◆ DESCRIPTION OF THE TASK
The line with "American flag on" marks the first line to copy, and the line with "440-TX-08X - Apex" marks the last. Transcribe that stretch of the data below exactly, without pictures.

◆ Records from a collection
※ ※ ※
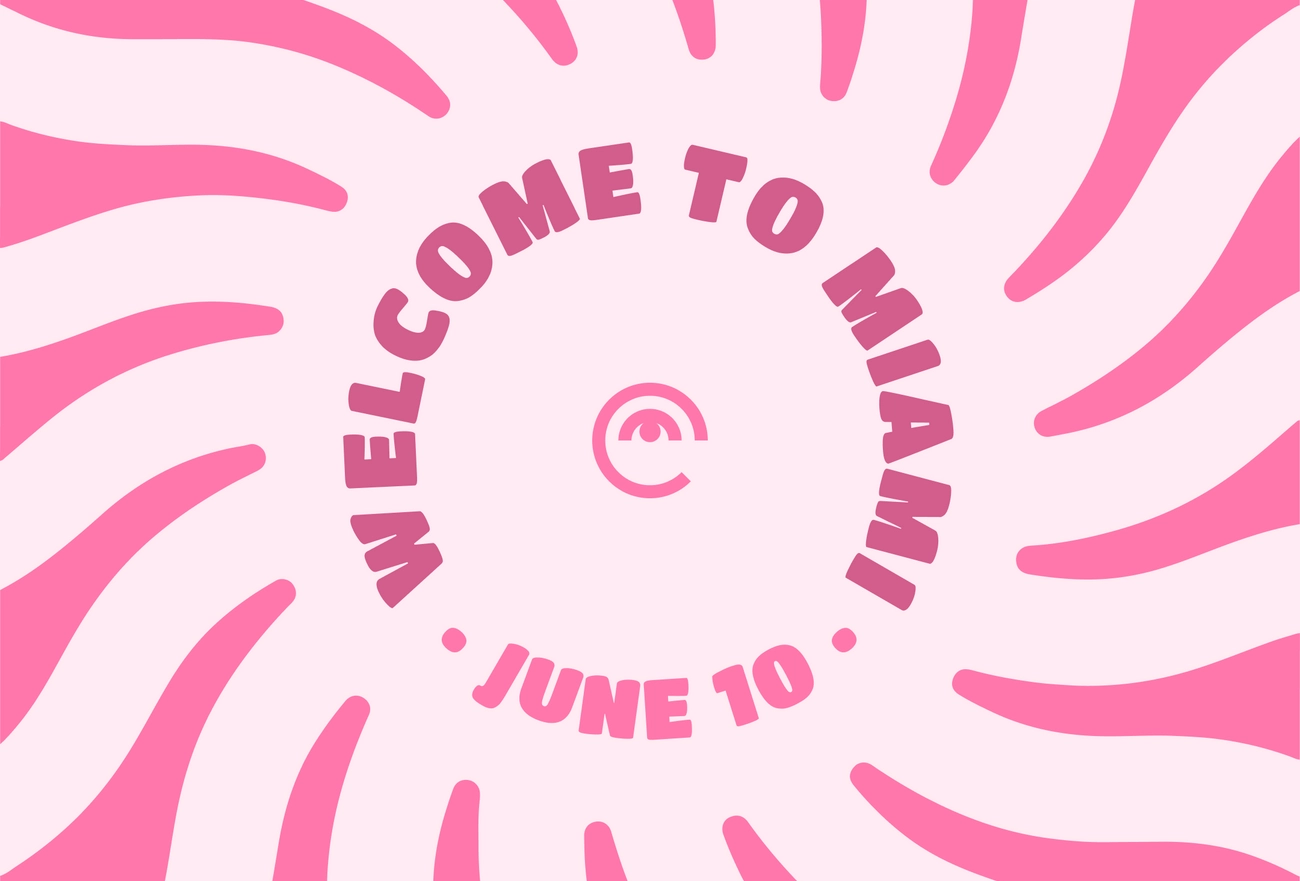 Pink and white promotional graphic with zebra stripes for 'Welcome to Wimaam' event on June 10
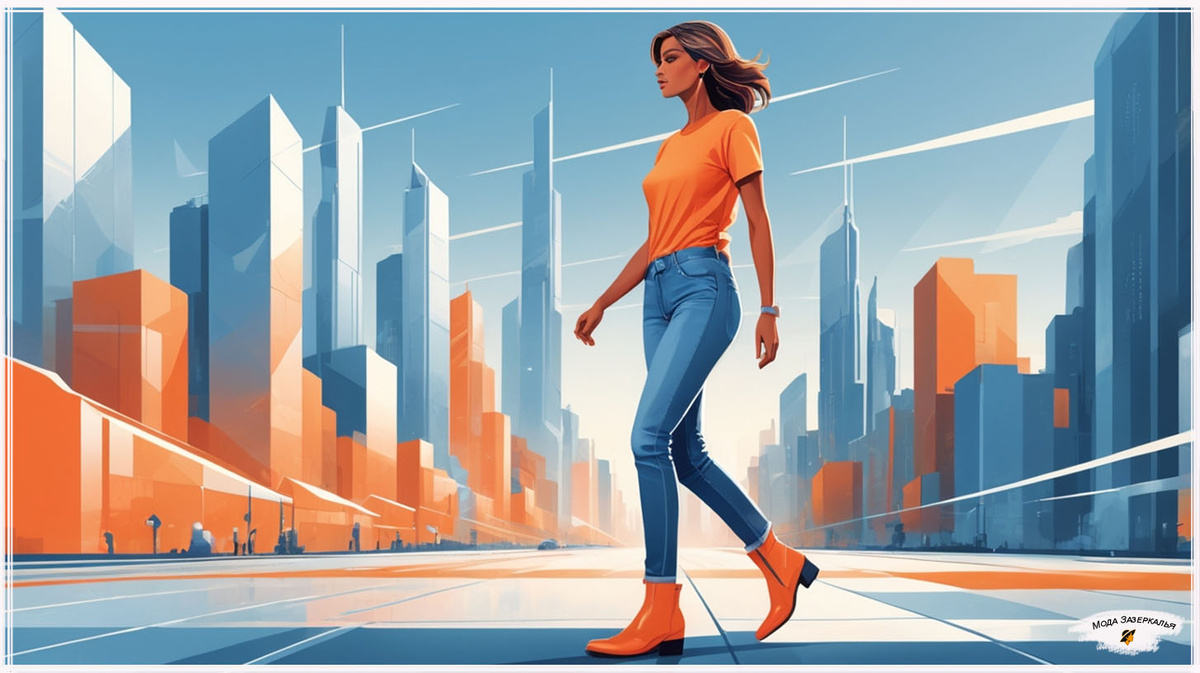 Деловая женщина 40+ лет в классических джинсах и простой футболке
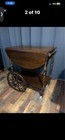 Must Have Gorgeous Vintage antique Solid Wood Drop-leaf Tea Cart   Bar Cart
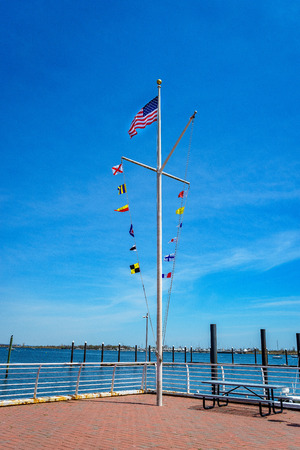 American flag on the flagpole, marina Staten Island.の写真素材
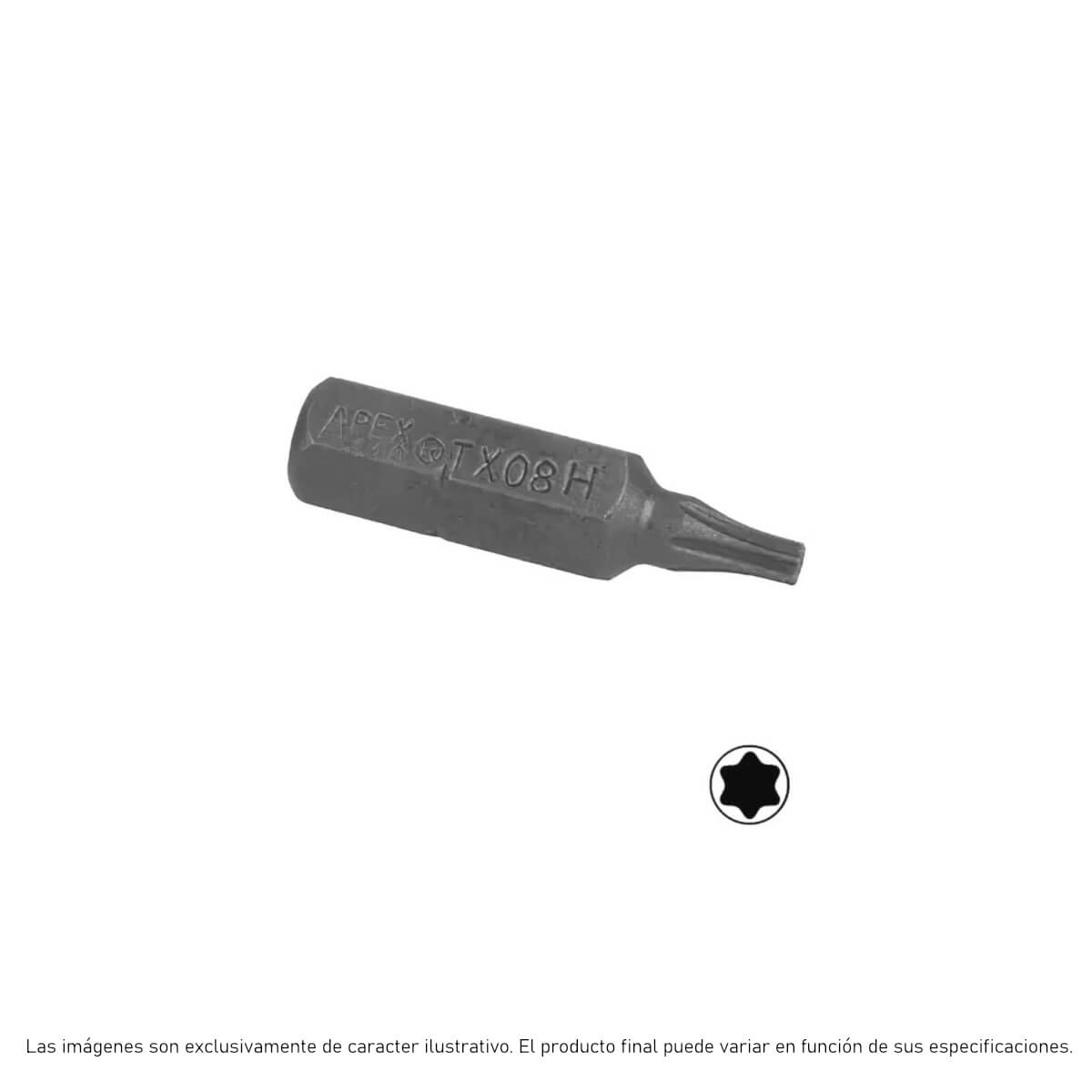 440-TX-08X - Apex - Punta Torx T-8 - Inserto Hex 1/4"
※ ※ ※
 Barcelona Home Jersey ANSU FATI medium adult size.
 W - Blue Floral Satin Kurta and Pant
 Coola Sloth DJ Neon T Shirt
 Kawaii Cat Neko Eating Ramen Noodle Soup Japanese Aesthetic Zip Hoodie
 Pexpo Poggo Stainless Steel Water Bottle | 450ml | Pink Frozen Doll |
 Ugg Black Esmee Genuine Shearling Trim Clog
※ ※ ※
◆ RESPONSE AREA
 American flag on the flagpole, marina Staten Island.の写真素材
 440-TX-08X - Apex - Punta Torx T-8 - Inserto Hex 1/4"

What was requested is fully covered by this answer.